● **Exercise goal**
What you return must match the listing below exactly, minus any pictures.

◇ ◇ ◇ ◇

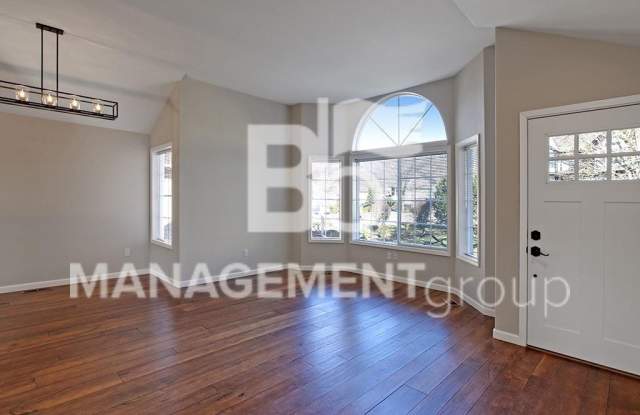 MUST SEE!  NW Portland/Bethany Completely Updated One-Level w/ Large Deck Gallery 4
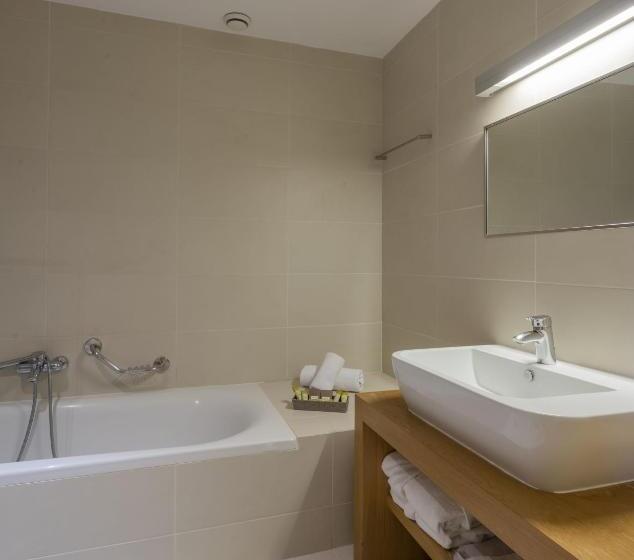 Представительский люкс с видом, Domotel Anemolia Mountain Resort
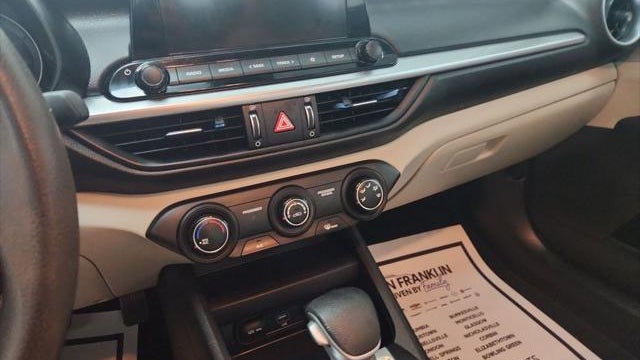 2023 Kia Forte LXS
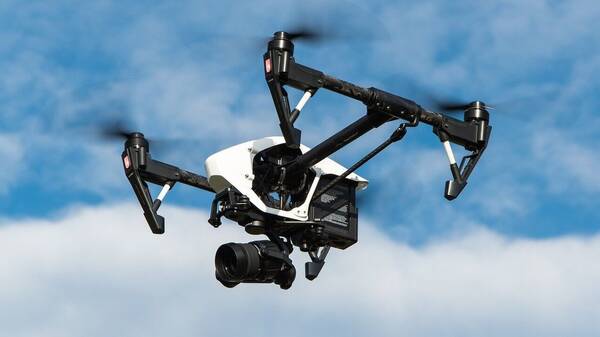 Τρίκαλα: Με drones η μεταφορά φαρμάκων προς περιφερειακά φαρμακεία -Την Τρίτη η 1η πτήση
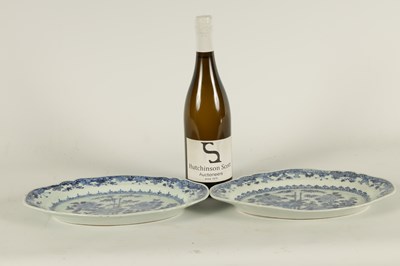 Lot 165 - A PAIR OF 18TH CENTURY CHINESE BLUE AND WHITE SHAPED OVAL DISHES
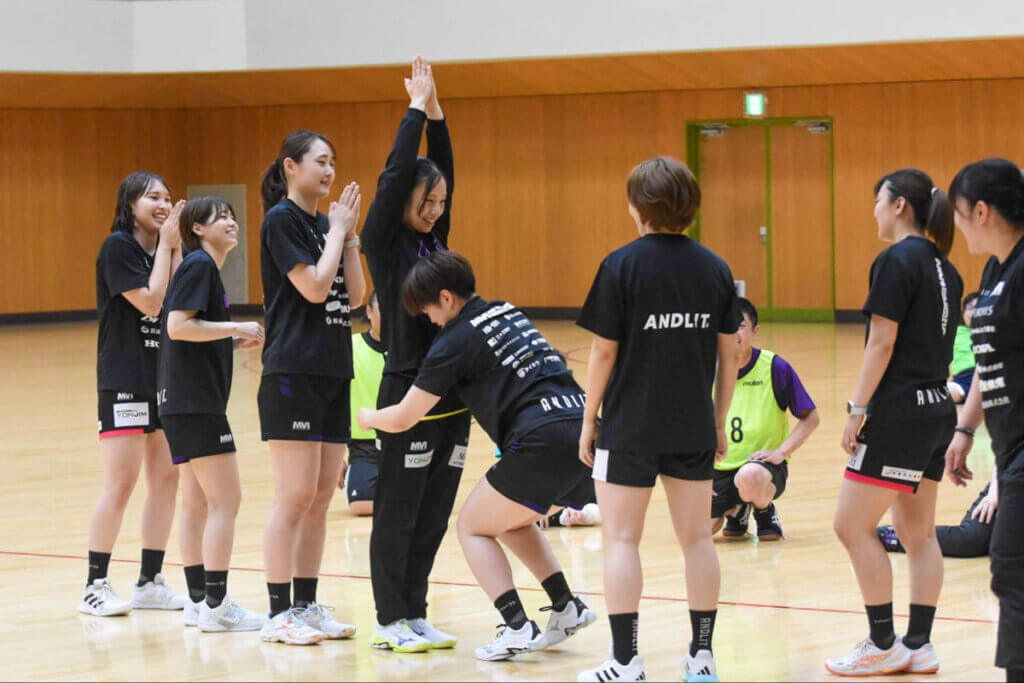 選手たちも一緒になって笑い、楽しむ。「Vスポ」は選手をより身近に感じられる場でもある＝2026年8月8日、三重・AGF鈴鹿体育館で（久保写す、以下すべて）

◇ ◇ ◇ ◇

● **The completed task**
 MUST SEE!  NW Portland/Bethany Completely Updated One-Level w/ Large Deck Gallery 4
 Представительский люкс с видом, Domotel Anemolia Mountain Resort
 2023 Kia Forte LXS
 Τρίκαλα: Με drones η μεταφορά φαρμάκων προς περιφερειακά φαρμακεία -Την Τρίτη η 1η πτήση
 Lot 165 - A PAIR OF 18TH CENTURY CHINESE BLUE AND WHITE SHAPED OVAL DISHES
 選手たちも一緒になって笑い、楽しむ。「Vスポ」は選手をより身近に感じられる場でもある＝2026年8月8日、三重・AGF鈴鹿体育館で（久保写す、以下すべて）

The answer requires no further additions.